Re: Need help web scraping
I have another problem, the output of the Japanese sentences contains spaces (Japanese sentences don't use spaces), for example:
彼女 と 友達 に なれた 時 は それは うれしかった です よ。 I was overjoyed when I was able to make friends with her!
How do I get rid of these spaces properly?
I have tried:
japaneseText := StrReplace(japaneseText," ")
While this does get rid of the spaces, for reason it also gets rid of some punctuation and characters from one of the Japanese alphabets (Katakana)
I have also tried:
StringReplace, TotalVar, TotalVar, %A_SPACE%, _, All
(with replacing with the right variables of course)
This also doesn't work as it gets rid of punctuation as well.
I'm guessing this is something to do with the characters being in another language.
Do you have any other suggestions?
-
- Posts: 4349
- Joined: 29 Mar 2015, 09:41
- Contact:
Re: Need help web scraping
For web scraping it's necessary to have at least basic JavaScript knowledge. Commenting is useless without this knowledge. In addition, you should be able to work with Chrome DevTools. When you open the page in Chrome DevTools and find elements you interested in, many questions will disappear.
Like this, maybe:
Code: Select all
url := "https://jisho.org/search/%E6%97%A5%20%23sentences"

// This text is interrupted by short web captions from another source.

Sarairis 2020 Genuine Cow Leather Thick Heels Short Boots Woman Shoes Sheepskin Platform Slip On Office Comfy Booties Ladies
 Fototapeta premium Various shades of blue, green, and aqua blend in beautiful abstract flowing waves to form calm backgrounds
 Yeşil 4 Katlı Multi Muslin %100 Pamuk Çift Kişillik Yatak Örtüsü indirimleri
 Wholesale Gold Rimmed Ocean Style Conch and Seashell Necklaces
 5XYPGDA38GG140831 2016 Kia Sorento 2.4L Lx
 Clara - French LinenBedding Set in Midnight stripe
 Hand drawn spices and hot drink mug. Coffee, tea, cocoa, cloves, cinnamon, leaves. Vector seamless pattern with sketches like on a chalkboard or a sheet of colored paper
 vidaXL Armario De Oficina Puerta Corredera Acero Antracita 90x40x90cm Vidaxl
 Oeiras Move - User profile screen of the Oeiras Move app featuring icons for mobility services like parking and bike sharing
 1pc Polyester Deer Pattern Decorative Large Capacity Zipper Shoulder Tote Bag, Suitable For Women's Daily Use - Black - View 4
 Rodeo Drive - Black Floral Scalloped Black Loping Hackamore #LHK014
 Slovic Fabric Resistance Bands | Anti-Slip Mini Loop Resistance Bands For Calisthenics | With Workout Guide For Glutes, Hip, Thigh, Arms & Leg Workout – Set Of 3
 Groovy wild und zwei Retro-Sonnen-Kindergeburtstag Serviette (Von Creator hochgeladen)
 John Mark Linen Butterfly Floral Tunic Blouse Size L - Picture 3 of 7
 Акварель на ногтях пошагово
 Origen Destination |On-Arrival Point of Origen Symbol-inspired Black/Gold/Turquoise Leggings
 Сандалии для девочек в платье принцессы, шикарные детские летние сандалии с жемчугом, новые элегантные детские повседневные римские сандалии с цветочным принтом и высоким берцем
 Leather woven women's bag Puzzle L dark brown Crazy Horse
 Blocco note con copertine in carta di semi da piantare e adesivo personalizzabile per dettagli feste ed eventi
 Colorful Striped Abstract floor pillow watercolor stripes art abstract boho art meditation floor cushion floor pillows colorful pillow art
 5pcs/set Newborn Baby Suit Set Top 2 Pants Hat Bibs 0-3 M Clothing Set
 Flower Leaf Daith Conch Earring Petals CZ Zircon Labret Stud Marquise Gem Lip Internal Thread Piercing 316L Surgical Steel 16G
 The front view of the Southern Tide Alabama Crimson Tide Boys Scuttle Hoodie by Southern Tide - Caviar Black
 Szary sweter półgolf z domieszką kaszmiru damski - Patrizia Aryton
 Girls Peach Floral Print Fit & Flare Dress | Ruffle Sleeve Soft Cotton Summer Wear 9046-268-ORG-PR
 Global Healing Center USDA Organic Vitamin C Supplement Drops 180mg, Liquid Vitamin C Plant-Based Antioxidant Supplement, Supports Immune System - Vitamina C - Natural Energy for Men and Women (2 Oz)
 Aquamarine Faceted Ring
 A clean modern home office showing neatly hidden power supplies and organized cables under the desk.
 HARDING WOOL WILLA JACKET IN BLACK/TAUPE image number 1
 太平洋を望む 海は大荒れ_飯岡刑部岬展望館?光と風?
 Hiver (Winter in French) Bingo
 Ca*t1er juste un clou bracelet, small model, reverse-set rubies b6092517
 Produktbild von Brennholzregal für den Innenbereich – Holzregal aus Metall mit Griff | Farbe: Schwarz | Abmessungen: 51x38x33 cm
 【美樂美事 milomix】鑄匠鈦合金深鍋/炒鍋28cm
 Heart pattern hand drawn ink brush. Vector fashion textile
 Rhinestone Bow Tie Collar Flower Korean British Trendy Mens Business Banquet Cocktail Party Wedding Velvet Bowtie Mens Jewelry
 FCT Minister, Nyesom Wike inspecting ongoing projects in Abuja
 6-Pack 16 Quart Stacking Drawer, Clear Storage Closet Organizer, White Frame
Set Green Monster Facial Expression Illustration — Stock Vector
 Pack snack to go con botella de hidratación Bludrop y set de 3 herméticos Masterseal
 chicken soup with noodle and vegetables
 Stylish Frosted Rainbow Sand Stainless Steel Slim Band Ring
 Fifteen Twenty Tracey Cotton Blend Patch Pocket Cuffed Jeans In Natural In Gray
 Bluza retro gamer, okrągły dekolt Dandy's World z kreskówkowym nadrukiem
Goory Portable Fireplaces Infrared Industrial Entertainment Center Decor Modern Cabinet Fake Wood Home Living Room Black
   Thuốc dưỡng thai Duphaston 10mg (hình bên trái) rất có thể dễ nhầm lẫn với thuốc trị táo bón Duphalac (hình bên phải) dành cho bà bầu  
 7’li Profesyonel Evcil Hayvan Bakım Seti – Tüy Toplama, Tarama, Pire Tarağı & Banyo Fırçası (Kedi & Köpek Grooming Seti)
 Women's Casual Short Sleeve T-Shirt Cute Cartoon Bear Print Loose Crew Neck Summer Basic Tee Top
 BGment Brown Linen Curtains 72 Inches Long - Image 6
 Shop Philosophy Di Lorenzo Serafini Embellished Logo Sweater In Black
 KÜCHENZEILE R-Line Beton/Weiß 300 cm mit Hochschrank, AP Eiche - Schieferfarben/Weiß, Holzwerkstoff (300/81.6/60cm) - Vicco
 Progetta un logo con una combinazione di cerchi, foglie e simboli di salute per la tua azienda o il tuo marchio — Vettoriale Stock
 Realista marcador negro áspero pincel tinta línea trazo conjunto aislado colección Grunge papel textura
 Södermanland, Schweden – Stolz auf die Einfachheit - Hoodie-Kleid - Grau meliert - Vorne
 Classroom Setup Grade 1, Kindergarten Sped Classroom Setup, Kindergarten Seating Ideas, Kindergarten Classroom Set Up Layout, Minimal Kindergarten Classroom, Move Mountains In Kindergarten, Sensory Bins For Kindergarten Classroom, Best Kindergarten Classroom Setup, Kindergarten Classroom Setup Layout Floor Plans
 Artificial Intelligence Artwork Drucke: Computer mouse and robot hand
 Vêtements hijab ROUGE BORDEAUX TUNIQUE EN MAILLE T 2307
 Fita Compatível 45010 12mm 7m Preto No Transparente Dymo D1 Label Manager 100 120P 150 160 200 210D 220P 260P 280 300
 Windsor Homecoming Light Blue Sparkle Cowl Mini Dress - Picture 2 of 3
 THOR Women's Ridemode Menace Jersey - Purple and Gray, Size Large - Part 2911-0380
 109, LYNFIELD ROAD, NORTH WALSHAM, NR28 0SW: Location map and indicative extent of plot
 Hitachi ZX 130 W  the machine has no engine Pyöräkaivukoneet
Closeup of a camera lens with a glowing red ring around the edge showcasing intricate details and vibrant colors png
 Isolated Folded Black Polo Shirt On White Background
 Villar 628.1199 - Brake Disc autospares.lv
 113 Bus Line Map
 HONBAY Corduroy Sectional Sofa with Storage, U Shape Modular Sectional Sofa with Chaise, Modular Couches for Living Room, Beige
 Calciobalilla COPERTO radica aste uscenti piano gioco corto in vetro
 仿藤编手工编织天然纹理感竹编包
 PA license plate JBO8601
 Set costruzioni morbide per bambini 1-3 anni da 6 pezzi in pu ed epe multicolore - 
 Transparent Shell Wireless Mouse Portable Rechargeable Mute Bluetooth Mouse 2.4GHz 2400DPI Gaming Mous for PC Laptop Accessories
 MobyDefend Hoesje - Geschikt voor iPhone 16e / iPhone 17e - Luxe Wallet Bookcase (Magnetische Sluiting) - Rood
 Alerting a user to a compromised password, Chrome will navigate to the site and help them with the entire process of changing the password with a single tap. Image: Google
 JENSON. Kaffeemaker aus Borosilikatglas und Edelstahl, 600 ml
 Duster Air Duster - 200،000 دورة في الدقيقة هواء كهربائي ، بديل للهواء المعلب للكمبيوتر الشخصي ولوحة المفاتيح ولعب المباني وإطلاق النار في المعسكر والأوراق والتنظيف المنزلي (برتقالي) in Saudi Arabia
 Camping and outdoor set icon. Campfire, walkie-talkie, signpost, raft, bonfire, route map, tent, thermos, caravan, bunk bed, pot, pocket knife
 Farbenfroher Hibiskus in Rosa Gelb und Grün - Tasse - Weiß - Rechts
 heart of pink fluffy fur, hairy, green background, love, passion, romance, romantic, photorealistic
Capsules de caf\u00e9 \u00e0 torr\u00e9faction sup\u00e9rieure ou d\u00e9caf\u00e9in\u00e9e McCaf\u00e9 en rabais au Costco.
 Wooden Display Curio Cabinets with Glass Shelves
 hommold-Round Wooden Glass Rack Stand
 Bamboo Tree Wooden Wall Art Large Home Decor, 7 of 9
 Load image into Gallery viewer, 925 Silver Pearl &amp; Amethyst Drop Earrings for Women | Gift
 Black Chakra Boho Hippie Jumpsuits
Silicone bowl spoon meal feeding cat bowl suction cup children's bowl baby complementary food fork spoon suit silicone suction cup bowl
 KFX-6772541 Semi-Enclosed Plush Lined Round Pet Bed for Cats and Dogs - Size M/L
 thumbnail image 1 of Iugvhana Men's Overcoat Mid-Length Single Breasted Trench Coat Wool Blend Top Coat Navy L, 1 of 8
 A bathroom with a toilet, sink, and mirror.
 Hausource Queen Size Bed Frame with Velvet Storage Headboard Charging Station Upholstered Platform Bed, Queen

whr := ComObjCreate("WinHttp.WinHttpRequest.5.1")
whr.Open("GET", url, false)
whr.Send()
status := whr.status
if (status != 200)
throw "Failed to dowload html. Status: " . status
html := whr.responseText
doc := ComObjCreate("htmlfile")
doc.write("<meta http-equiv=""X-UA-Compatible"" content=""IE=9"">")
doc.write(html)
sentences := doc.querySelectorAll(".sentence_content")
Loop % sentences.length {
sentence := sentences[A_Index - 1]
japaneseElem := sentence.querySelector(".japanese_sentence")
englishElem := sentence.querySelector(".english")
englishText := englishElem.innerText
coll := japaneseElem.querySelectorAll(".unlinked")
japaneseText := ""
Loop % coll.length
japaneseText .= coll[A_Index - 1].innerText
japaneseText .= RegExReplace(japaneseElem.innerText, "s).*(\S)", "$1")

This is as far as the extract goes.